Thank you for contacting me. Please note that I live in the GMT+3 time zone - responses might be delayed by this.

This topic has 9 replies, 2 voices, and was last updated 2 years ago by Szabi – CodeRevolution.

Viewing 9 reply threads

Author

Posts
- March 1, 2024 at 5:59 pm #9980
  
  Vaggelis
  Participant
  
  Post count: 11
  
  Hello,
  
  I followed your tutorial here https://www.youtube.com/watch?v=F6vhRJgCR_M exactly, step by step, in order to crawl some posts from news sites.
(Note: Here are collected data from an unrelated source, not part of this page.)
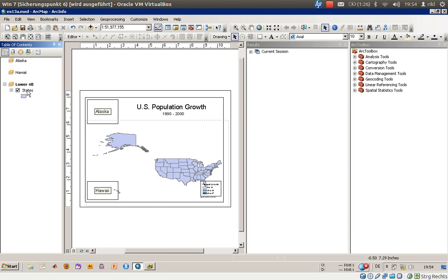We will use another projection system here, and we will do that on the fly. That means we won't touch the projection of the shapefile itself, but we will change the data view so it assumes a different projection. The new representation on screen is calculated on the fly and will be recalculated every time you drag around the view.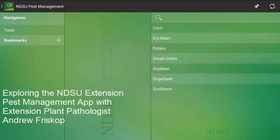Hello everyone. My name is Andrew Friskup and I'm the Cereal Extension Plant Pathologist at North Dakota State University. Today we're going to be taking a tour of the NDSU Extension Pest Management app that was recently launched in 2014.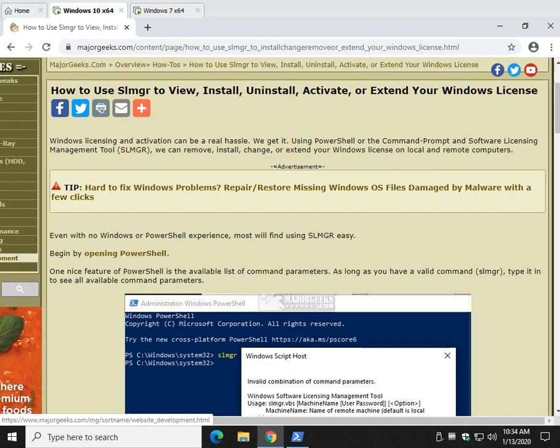Hey there Geeks, Tim Tibbetts here with MajorGeeks.com. Today we're going to look at how you can use the Windows Software Licensing Management Tool to view, install, uninstall, activate, or even extend your Windows license.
The problem is that the Scrapper starts and imports at each post the whole site. It does not import just Title, Content, Images.
  
  I see my plugin version is little different/updated. Have you an updated tutorial for that?
  
  And CONGRATULATIONS for your projects.
  
  Add New Note to this Reply
- March 1, 2024 at 6:31 pm #9981
  
  Szabi – CodeRevolution
  Keymaster
  
  Post count: 5097
  
  Hello,
  
  First of all, thank you for your purchase.
  
  Please send me more details about which news sites are you scraping and I check on this. Please send me site URLs.
  
  Regards, Szabi – CodeRevolution.
  
  Add New Note to this Reply
- March 1, 2024 at 6:48 pm #9982
  Vaggelis
  Participant
  
  Post count: 11
  I need just to create a Crawl here https://newsgreece.gr/wp-admin/admin.php?page=crawlomatic_items_panel&crawlomatic_page=1
  
  redacted
  
  redacted
  
  In order to import posts from a category like https://www.pronews.gr/category/elliniki-politiki/kyvernisi/
  
  Language is greek.
  - This reply was modified 2 years, 1 month ago by Szabi - CodeRevolution.
  Add New Note to this Reply
- March 1, 2024 at 7:12 pm #9984
  
  Szabi – CodeRevolution
  Keymaster
  
  Post count: 5097
  
  Hello,
  
  I configured the plugin on your site, please check.
  
  What I changed:
  
  Scraper Start (Seed) URL / Keywords
  https://www.pronews.gr/category/elliniki-politiki/kyvernisi/
  
  Do Not Scrape Seed URL:
  checked
  
  Seed Page Crawling Query Type:
  Class
  
  Seed Page Crawling Query String:
  article-link hrefattribute
  
  Content Query Type
  XPath
  
  Content Query String
  //*[@class=’csscontent wrap-content-body field-item even’]
  
  Regards.
  
  Add New Note to this Reply
- March 2, 2024 at 7:34 am #9990
  Vaggelis
  Participant
  
  Post count: 11
  As I can see, it was the fastest and direct response I have received!
  
  Ok so can you please advise how to retrieve the following?
  1. Seed Page Crawling Query Type
  2. Seed Page Crawling Query String
  3. Content Query Type
  Through Visual Selector? Do you have a detailed documentation or tutorial for that?
  
  Add New Note to this Reply
- March 2, 2024 at 7:51 am #9991
  
  Szabi – CodeRevolution
  Keymaster
  
  Post count: 5097
  
  Hello, sure, please check: https://www.youtube.com/watch?v=2ixtS3LQsI4
  
  Let me know if it helped.
  
  Regards.
  
  Add New Note to this Reply
- March 2, 2024 at 5:36 pm #9997
  
  Vaggelis
  Participant
  
  Post count: 11
  
  My Visual Selector works fine. That was not the problem. The problem is that the class of the link I have chosen it crawled the whole page not the content of the posts.
  
  So do you have a detailed and updated tutorial on How to crawl posts from other sites to wordpress? I need that step by step.
  
  Otherwise I have to clone your existing Crawl ID and go like that way.
  
  Add New Note to this Reply
- March 2, 2024 at 6:11 pm #9998
  
  Szabi – CodeRevolution
  Keymaster
  
  Post count: 5097
  
  Hello, which is the exact URL from where you don’t manage to scrape only full content? Let me know and I check it.
  
  Regards.
  
  Add New Note to this Reply
- March 3, 2024 at 9:44 am #9999
  
  Vaggelis
  Participant
  
  Post count: 11
  
  I cloned your scrape rule and I figure out with a href class inspection so I found the way that the scrapper works. Really thanks for that.
  
  If you have a detailed and updated tutorial on how to scrape posts it and specifically how to locate and inspect the classes it would be fantastic.
  
  Add New Note to this Reply
- March 3, 2024 at 12:18 pm #10001
  
  Szabi – CodeRevolution
  Keymaster
  
  Post count: 5097
  
  I don’t have an exact video for this, but idea noted.
  
  Regards.
  
  Add New Note to this Reply
Author

Posts

Viewing 9 reply threads

The topic ‘Crawling a posts page scrape all the website at each post’ is closed to new replies.